Below are the entries. Transcribe exactly the lines from the one with "BMW X7 40 d" through the one with "Chalet de 3", ends included, and leave out all others.
::::::::::
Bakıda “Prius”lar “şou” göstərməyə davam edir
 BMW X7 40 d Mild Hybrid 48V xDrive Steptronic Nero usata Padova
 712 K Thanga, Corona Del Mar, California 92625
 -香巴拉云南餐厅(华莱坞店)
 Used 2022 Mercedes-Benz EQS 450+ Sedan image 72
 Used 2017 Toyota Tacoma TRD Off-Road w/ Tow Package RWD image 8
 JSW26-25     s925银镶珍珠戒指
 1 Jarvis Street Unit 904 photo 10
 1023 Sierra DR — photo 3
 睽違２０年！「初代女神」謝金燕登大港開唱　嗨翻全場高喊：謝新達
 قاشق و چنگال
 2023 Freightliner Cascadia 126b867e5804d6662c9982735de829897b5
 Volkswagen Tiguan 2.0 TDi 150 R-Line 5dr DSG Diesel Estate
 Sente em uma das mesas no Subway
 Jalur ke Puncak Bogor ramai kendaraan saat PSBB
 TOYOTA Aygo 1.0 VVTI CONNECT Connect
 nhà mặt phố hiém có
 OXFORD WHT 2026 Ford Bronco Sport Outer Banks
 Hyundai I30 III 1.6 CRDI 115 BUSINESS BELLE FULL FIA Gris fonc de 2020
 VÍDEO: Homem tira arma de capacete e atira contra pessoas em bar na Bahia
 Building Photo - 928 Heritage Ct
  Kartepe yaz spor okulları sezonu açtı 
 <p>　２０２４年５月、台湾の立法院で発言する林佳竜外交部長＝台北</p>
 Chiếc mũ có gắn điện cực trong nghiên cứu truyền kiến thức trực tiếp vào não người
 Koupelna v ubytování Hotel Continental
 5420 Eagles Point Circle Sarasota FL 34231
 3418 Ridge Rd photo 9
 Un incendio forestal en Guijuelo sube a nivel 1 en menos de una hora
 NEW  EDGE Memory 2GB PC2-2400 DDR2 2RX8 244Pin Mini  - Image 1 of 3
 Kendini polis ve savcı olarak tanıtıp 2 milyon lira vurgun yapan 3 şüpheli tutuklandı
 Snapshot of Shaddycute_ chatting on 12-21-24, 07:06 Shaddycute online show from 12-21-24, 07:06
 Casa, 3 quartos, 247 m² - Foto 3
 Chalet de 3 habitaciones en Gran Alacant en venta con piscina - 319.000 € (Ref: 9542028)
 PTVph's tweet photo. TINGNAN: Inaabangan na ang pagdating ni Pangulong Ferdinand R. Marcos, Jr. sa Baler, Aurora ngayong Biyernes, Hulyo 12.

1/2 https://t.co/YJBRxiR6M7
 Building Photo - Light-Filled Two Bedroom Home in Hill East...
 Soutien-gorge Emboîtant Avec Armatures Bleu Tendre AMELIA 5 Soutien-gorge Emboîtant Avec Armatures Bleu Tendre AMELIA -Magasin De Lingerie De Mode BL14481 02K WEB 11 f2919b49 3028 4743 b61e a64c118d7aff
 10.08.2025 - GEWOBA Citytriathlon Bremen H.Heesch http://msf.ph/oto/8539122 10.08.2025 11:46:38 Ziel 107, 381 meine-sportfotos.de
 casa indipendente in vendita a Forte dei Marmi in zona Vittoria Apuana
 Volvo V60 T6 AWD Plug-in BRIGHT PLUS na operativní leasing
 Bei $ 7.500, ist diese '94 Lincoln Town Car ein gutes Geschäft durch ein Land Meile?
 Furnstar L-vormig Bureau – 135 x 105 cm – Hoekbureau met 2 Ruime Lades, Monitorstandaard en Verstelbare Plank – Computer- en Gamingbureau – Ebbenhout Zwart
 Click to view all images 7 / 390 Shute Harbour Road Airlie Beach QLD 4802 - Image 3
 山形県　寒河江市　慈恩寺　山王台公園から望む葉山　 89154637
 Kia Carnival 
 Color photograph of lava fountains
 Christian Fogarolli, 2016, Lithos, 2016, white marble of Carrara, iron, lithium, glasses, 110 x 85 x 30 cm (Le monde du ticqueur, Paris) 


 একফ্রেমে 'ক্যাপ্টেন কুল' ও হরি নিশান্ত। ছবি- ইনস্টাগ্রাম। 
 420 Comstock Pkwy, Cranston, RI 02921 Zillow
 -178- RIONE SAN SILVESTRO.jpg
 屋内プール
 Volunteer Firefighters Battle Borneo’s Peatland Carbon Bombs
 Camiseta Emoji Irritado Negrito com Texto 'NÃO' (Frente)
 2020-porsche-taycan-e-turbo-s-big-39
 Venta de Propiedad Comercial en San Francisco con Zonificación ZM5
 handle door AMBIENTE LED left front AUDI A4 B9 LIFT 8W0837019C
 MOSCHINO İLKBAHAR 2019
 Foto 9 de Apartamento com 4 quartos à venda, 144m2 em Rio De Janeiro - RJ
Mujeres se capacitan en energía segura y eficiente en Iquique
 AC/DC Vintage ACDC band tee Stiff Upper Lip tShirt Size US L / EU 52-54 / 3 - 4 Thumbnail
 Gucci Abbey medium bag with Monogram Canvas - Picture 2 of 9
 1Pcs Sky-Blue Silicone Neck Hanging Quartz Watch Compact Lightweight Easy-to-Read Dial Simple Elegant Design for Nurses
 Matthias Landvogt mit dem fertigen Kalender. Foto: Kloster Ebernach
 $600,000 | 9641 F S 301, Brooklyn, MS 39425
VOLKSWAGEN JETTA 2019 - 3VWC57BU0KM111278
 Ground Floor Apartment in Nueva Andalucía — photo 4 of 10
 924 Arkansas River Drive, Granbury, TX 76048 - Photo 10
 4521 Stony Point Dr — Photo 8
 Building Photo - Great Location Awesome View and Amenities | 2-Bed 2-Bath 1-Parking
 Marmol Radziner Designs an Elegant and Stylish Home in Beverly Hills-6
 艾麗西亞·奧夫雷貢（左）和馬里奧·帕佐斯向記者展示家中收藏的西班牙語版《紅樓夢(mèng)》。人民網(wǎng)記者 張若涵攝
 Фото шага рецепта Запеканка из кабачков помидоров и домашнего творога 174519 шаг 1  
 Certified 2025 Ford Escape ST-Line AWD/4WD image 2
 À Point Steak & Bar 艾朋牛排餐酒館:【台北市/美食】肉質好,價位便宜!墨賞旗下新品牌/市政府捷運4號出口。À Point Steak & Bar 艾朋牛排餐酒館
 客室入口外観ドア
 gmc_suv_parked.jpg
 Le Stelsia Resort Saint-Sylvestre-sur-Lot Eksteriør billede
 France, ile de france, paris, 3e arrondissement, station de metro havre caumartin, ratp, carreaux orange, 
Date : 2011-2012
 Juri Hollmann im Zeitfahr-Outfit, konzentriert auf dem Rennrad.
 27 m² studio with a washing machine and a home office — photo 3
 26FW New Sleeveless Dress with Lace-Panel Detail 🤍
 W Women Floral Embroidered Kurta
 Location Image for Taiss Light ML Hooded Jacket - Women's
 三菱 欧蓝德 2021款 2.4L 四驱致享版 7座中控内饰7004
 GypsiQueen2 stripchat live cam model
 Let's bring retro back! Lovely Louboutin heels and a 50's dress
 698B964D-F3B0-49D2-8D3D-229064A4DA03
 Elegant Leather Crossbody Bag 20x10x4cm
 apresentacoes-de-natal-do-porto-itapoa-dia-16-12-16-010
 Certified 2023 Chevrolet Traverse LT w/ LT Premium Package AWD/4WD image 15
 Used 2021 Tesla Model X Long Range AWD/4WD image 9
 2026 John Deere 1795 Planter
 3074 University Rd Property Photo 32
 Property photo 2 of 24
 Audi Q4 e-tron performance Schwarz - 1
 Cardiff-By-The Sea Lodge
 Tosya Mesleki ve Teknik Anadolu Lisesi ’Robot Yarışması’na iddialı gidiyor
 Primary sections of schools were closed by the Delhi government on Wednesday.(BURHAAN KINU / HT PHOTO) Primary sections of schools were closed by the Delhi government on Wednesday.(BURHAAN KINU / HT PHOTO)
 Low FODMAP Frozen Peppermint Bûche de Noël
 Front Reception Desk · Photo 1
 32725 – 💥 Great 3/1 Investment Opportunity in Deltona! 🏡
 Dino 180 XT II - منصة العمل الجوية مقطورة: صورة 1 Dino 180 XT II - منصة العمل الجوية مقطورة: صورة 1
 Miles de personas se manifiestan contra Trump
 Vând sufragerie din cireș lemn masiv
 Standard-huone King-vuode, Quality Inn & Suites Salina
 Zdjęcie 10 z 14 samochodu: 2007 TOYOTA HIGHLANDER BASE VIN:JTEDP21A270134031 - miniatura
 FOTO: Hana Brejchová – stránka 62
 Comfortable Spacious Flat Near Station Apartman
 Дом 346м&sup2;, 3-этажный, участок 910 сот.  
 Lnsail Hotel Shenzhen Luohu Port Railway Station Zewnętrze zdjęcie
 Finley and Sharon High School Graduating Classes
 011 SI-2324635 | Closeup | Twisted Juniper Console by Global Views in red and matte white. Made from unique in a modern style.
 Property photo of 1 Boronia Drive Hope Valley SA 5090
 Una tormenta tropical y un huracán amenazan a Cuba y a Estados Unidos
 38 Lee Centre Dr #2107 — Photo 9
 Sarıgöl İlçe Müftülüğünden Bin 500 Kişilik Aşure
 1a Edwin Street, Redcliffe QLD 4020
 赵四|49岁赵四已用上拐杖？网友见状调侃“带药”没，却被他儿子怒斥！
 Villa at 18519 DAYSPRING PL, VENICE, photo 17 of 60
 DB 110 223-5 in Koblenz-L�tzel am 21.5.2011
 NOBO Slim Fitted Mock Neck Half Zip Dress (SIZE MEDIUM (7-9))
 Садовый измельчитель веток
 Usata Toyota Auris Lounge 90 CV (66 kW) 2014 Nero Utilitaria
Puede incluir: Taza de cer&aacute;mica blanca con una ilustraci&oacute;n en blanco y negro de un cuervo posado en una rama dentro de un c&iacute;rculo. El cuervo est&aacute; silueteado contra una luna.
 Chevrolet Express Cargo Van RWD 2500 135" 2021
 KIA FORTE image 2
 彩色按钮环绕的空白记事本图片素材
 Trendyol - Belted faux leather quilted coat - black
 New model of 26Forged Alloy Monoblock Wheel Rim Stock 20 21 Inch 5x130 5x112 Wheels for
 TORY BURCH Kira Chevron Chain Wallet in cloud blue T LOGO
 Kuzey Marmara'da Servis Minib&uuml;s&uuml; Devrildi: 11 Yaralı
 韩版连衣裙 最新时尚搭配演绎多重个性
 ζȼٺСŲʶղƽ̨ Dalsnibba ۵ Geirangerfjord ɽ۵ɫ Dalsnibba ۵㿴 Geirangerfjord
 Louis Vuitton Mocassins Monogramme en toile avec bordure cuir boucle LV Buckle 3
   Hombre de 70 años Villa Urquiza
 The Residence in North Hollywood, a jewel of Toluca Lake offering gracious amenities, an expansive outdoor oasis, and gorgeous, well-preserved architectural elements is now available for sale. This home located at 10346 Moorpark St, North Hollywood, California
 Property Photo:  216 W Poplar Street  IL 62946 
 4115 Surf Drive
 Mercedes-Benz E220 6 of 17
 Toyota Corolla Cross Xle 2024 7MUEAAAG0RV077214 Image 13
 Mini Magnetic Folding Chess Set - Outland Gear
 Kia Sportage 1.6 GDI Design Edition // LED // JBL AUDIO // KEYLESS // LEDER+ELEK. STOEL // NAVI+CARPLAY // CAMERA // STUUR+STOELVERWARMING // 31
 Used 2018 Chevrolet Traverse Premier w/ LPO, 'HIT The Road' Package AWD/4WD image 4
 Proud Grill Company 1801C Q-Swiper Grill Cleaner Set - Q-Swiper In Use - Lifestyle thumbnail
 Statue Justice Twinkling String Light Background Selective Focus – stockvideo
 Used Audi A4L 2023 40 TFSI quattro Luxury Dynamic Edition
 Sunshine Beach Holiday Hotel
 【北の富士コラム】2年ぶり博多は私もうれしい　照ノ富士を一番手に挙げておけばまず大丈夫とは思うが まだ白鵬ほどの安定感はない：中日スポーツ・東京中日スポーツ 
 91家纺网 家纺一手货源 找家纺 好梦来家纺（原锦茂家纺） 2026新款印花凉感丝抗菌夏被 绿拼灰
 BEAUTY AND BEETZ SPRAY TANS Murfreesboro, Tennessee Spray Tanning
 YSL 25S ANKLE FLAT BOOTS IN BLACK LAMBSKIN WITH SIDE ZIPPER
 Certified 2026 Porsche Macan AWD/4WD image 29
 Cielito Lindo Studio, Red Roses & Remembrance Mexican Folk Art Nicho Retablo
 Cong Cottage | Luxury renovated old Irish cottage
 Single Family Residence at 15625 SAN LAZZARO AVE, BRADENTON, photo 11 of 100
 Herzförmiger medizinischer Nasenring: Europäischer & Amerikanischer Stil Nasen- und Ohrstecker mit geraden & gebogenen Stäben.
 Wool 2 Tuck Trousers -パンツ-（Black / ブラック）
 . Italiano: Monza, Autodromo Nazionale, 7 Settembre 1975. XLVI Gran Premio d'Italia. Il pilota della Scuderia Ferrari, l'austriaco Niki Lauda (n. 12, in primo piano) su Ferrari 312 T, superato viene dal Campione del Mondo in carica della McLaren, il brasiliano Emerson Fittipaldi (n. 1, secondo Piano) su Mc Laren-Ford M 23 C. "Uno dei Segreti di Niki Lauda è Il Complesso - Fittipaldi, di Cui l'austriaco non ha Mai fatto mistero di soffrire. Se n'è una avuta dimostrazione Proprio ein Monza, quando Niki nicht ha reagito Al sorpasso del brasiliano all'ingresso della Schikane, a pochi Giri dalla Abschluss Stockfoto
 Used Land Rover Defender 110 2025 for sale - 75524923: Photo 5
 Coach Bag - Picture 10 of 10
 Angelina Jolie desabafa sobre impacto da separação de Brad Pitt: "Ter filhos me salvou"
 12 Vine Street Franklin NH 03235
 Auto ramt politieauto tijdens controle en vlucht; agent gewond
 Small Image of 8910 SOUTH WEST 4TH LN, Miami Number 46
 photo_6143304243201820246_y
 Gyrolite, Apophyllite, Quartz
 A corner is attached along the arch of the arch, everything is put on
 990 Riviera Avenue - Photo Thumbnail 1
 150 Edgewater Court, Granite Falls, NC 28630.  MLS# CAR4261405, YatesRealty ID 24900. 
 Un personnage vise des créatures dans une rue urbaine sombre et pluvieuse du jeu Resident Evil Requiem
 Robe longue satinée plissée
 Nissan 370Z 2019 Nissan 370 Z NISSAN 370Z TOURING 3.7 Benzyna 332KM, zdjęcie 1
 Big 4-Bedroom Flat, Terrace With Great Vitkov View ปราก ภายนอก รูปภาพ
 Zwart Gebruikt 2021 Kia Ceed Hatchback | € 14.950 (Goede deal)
::::::::::
**Solution below**
 BMW X7 40 d Mild Hybrid 48V xDrive Steptronic Nero usata Padova
 712 K Thanga, Corona Del Mar, California 92625
 -香巴拉云南餐厅(华莱坞店)
 Used 2022 Mercedes-Benz EQS 450+ Sedan image 72
 Used 2017 Toyota Tacoma TRD Off-Road w/ Tow Package RWD image 8
 JSW26-25     s925银镶珍珠戒指
 1 Jarvis Street Unit 904 photo 10
 1023 Sierra DR — photo 3
 睽違２０年！「初代女神」謝金燕登大港開唱　嗨翻全場高喊：謝新達
 قاشق و چنگال
 2023 Freightliner Cascadia 126b867e5804d6662c9982735de829897b5
 Volkswagen Tiguan 2.0 TDi 150 R-Line 5dr DSG Diesel Estate
 Sente em uma das mesas no Subway
 Jalur ke Puncak Bogor ramai kendaraan saat PSBB
 TOYOTA Aygo 1.0 VVTI CONNECT Connect
 nhà mặt phố hiém có
 OXFORD WHT 2026 Ford Bronco Sport Outer Banks
 Hyundai I30 III 1.6 CRDI 115 BUSINESS BELLE FULL FIA Gris fonc de 2020
 VÍDEO: Homem tira arma de capacete e atira contra pessoas em bar na Bahia
 Building Photo - 928 Heritage Ct
  Kartepe yaz spor okulları sezonu açtı 
 <p>　２０２４年５月、台湾の立法院で発言する林佳竜外交部長＝台北</p>
 Chiếc mũ có gắn điện cực trong nghiên cứu truyền kiến thức trực tiếp vào não người
 Koupelna v ubytování Hotel Continental
 5420 Eagles Point Circle Sarasota FL 34231
 3418 Ridge Rd photo 9
 Un incendio forestal en Guijuelo sube a nivel 1 en menos de una hora
 NEW  EDGE Memory 2GB PC2-2400 DDR2 2RX8 244Pin Mini  - Image 1 of 3
 Kendini polis ve savcı olarak tanıtıp 2 milyon lira vurgun yapan 3 şüpheli tutuklandı
 Snapshot of Shaddycute_ chatting on 12-21-24, 07:06 Shaddycute online show from 12-21-24, 07:06
 Casa, 3 quartos, 247 m² - Foto 3
 Chalet de 3 habitaciones en Gran Alacant en venta con piscina - 319.000 € (Ref: 9542028)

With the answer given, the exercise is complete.